Fimela

Aujourd’hui, je pars à la rencontre du petit Aziz. C’est un enfant que je parraîne. Sur la route, nous nous faisons arrêter trois fois par la police, pour soi-disant… Contrôle de routine.. Le policier demande au conducteur de sortir de la voiture, je les vois s’éloigner un peu du véhicule. Le taximan sort un billet, et remonte en voiture.. Il me raconte qu’il était obligé de verser une petite somme au policier sinon celui-ci allait trouver une excuse pour lui retirer son permis de conduire..

Nous quittons enfin la nationale et entrons dans les terres sabloneuses qui nous mènent au village d’Aziz au bout d’un peu plus d’une heure et demi de route.

J’aperçois au loin des petites maisons de paille.. Aziz et sa famille m’attendent. Lorsque je sors de la voiture, un petit garçon haut comme trois pommes se met à pleurer et semble avoir peur de m’approcher. Il s’agit d’Aziz. Plus tard ses grands-parents me raconteront que lorsqu’Aziz est trop agité, pour qu’il obéisse, ils lui disent qu’une dame blanche viendra au village pour l’enlever. Du coup, quand le pauvre môme m’a vu il y a cru. 🙂

La famille ne parlent quasiment pas français, juste des petits mots. Mais on arrive à se comprendre par des gestes, des sourires, un regard. L’expression de leurs visages expriment beaucoup de tendresse. Je me sents bien parmi eux. La cadette me fait visiter les lieux. Sous chaque maisonnette de paille se cache une pièce.. La cuisine contient du matériel très sommaire.. (On est loin de nos cuisines sur-équipés..) Les différentes chambres sont simples mais cosy. Mais les sanitaires… No comment ! Leur façon de vivre me rappelle le dessin animé “Kirikou”..
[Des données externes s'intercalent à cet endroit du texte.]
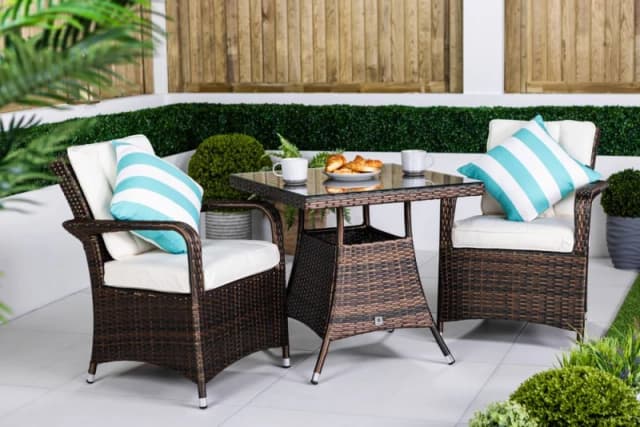 Thats Furniture Arizona Square Rattan Garden Bistro Table & Chairs Set 2 Seater in Brown Brown Unisex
Le père d’Aziz m’emmène voir l’école que fréquente le petit. C’est une école qui a été sponsorisée par l’ONG World Vision Australia / Sénégal. Les locaux sont très bien. L’institutrice, qui me fait visiter les lieux, m’explique combien cette ONG l’a bien aidé, et que désormais la plupart des enfants des villages avoisinants peuvent avoir accès à une scolarité.

Je ne dois pas tarder à partir. Je remercie l’institutrice pour la visite et retourne à la maison d’Aziz.  La famille m’invite à rester pour le thé et insiste.. Impossible, des RDV m’attendent sur M’Bour, je dois quitter Fimela avant la tombée de la nuit.

Je les serre très fort dans mes bras, même Aziz qui semble ne plus avoir peur de moi !! Je leur promets de revenir les voir.